As new federal policymakers gear up for the next year, some students and faculty members at the University of Minnesota worry about changes to healthcare laws.
During his campaign, president-elect Donald Trump said he would focus on repealing President Barack Obama’s Affordable Care Act. Some University experts and students fear the changes could leave many young adults uninsured.
“Personally, I like the Affordable Care Act,” said sociology and comparative literature junior Monica Bruno, who is currently on her parents’ health insurance plan. “I feel that it’s very important because it takes a while to find a job … after graduation.”
Jean Abraham, a professor in the School of Public Health, studies the Affordable Care Act, which passed in 2010 and was upheld by the Supreme Court in 2012. Abraham said she is uncertain about its future.
“Clearly the goal of the ACA was to expand coverage to those who were uninsured by making coverage more affordable and accessible,” Abraham said.
Pieces of the law — such as the young adult provision, state subsidies and individual mandates requiring health insurance — could disappear, Abraham said.
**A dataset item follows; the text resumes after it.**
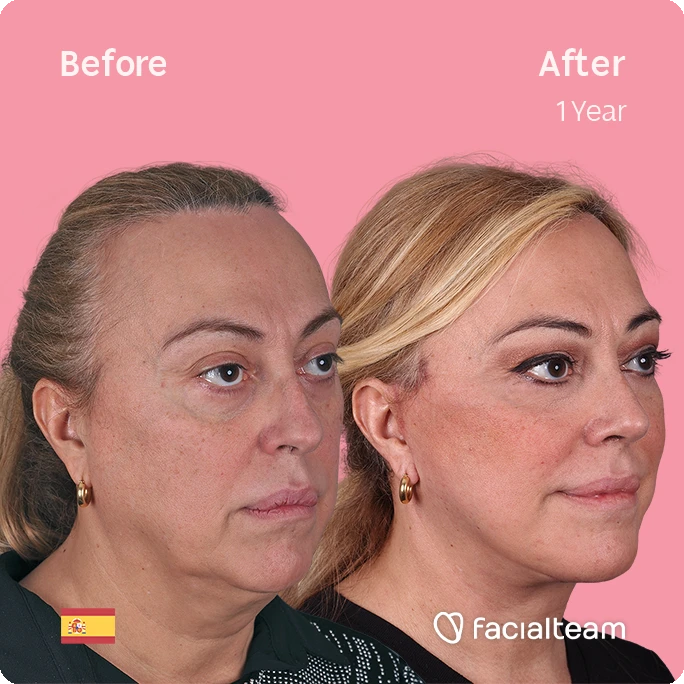 Square 45 degree angle image of FFS patient Ana showing the results before and after facial feminization surgery with Facialteam consisting of deep plane facelift, nose and lip.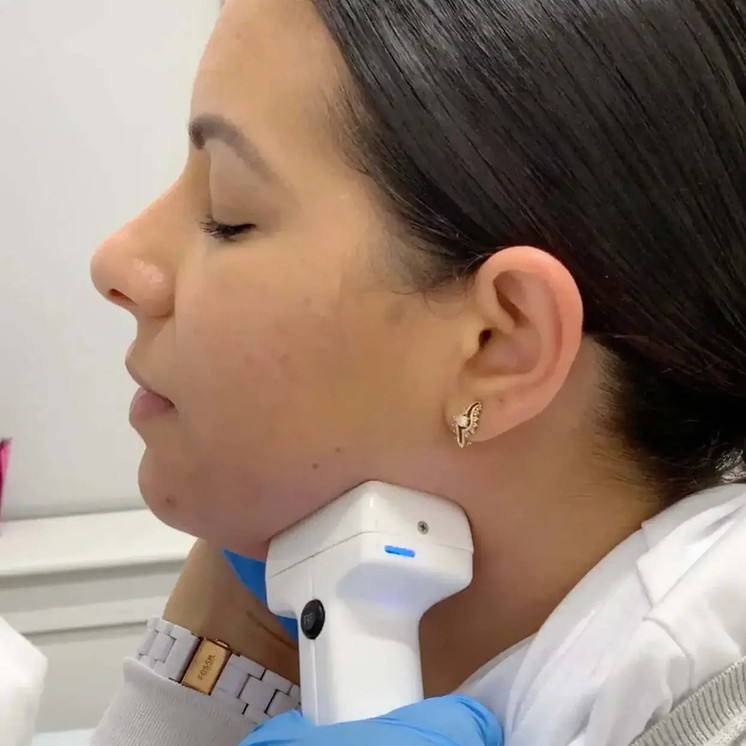 ChinFix: truSculpt iD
“Young adults have the highest rate of uninsurance,” she said. “This is a group that benefitted a lot from the expansion of dependent coverage eligibility.”
Assuming a full repeal occurs, Abraham said new graduates should check their eligibility for public programs, find jobs that offer benefits or start looking at buying an individual plan.
“For the individual market, there would not be subsidies available to offset the cost of insurance premiums for lower-income individuals,” she said.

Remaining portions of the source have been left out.